13. Using the Boston data set, fit classification models in order to predict whether a given suburb has a crime rate above or below the median. Explore logistic regression, LDA, and KNN models using various subsets of the predictors. Describe your findings.

Boston <- MASS::Boston %>% as.data.frame()
crim <- Boston %$% ifelse(crim < median(crim), 0 , 1)
Boston$crim.rate <- crim
X <- split(Boston, rep(1:2, nrow(Boston)/2))
Train <- as.data.frame(X[[1]])
Test  <- as.data.frame(X[[2]])

Logisitc Regeression

fit.glm <- glm(crim.rate ~ . - crim - crim.rate, 
               data=Boston,
               family=binomial,
               subset=rownames(Train))

probs <- predict(fit.glm, Test, type = "response")
pred.glm <- ifelse(probs < .5, 0,1)
table(pred.glm, Test$crim.rate)

##         
## pred.glm   0   1
##        0 116  11
##        1  12 114

mean(pred.glm != Test$crim.rate)

## [1] 0.09090909

Logistic regression over boston using every other row as training/testing data and all predictors resulted in a test error rate of 9.09%

fit.glm <- glm(crim.rate ~ 
                 indus + age+ dis + rad + ptratio + black + nox + indus*age,  
               data=Boston,
               family=binomial,
               subset=rownames(Train))

probs <- predict(fit.glm, Test, type = "response")
pred.glm <- ifelse(probs < .5, 0,1)
table(pred.glm, Test$crim.rate)

##         
## pred.glm   0   1
##        0 117   9
##        1  11 116

mean(pred.glm != Test$crim.rate)

## [1] 0.07905138

A second logistic regression model using \(indus^1\) \(age^2\) \(dis^3\) \(ptratio^4\) \(black^5\) \(nox^6\) and \(indus*age^7\) resulted in a test error rate of 7.91%

1. indus : proportion of non-retail business acres per town.

2. age : proportion of owner-occupied units built prior to 1940.

3. dis : weighted mean of distances to five Boston employment centres.

4. ptratio : pupil-teacher ratio by town.

5. black : \(1000(Bk - 0.63)^2\) where Bk is the proportion of blacks by town.

6. nox : nitrogen oxides concentration (parts per 10 million).
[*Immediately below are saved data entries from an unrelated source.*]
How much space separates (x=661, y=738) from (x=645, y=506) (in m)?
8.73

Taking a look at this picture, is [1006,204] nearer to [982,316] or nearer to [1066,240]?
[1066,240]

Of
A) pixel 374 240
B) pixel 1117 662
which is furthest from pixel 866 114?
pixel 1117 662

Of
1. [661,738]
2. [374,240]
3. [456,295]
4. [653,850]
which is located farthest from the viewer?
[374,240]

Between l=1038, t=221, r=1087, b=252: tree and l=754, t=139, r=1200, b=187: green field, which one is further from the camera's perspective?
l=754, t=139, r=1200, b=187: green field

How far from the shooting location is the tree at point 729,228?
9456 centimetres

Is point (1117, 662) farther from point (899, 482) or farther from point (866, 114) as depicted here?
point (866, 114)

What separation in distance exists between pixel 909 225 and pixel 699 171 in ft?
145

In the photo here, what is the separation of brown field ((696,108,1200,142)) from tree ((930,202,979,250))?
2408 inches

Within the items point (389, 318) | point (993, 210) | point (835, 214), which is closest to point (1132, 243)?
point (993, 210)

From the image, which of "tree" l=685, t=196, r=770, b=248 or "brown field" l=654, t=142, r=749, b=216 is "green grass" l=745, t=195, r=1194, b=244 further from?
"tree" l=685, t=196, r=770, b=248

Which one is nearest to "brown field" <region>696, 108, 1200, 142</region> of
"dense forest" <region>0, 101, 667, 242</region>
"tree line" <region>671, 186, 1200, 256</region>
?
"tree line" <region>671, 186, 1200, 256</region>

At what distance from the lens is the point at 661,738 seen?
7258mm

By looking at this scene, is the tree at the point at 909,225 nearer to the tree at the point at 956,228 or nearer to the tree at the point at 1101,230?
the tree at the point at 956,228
7. indus*age : the interaction between indus and age

LDA

lda.fit <- MASS::lda(crim.rate ~ . - crim - crim.rate, 
               data=Boston,
               family=binomial,
               subset=rownames(Train))

probs <- predict(lda.fit, Test, model = "response")
table(probs$class, Test$crim.rate)

##    
##       0   1
##   0 124  28
##   1   4  97

mean(probs$class != Test$crim.rate)

## [1] 0.1264822

LDA over boston using every other row as training/testing data and all predictors resulted in a test error rate of 12.65%

lda.fit <-  MASS::lda(crim.rate ~ 
                        indus + age + dis + rad + ptratio + black + nox + indus*age,  
               data=Boston,
               family=binomial,
               subset=rownames(Train))

probs <- predict(lda.fit, Test, model = "response")
table(probs$class, Test$crim.rate)

##    
##       0   1
##   0 122  29
##   1   6  96

mean(probs$class != Test$crim.rate)

## [1] 0.1383399

A second LDA over boston using the same predictors as the second GLM resulted in a test error rate of 15.02%

KNN

set.seed(1)
best <- .Machine$integer.max
best.i <- 0
worst <- 0
worst.i <- 0
for(i in 1:253){
  k <- class::knn(Train,Test, Train$crim.rate, k = i)
  error <- 100 * mean(k != Train$crim.rate)
  if(error < 10) {
    cat(sprintf("<h5>K == %d</h5>",i))
    cat(pander(table(k,Test$crim.rate)))
    cat(sprintf("<p>When K == %d, KNN has a test error rate of %.2f%%</p>",i,error))
  }
  if(error < best) {
    best <- error
    best.i <- i    
  }
  if(error > worst) {
    worst <- error
    worst.i <- i    
  }
}

K == 1

When K == 1, KNN has a test error rate of 8.30%

K == 3

When K == 3, KNN has a test error rate of 9.49%

K == 4

When K == 4, KNN has a test error rate of 9.88%

When K == 1, KNN performed the best with a test error rate of 8.30%

When K == 251, KNN performed the worst with a test error rate of 49.41%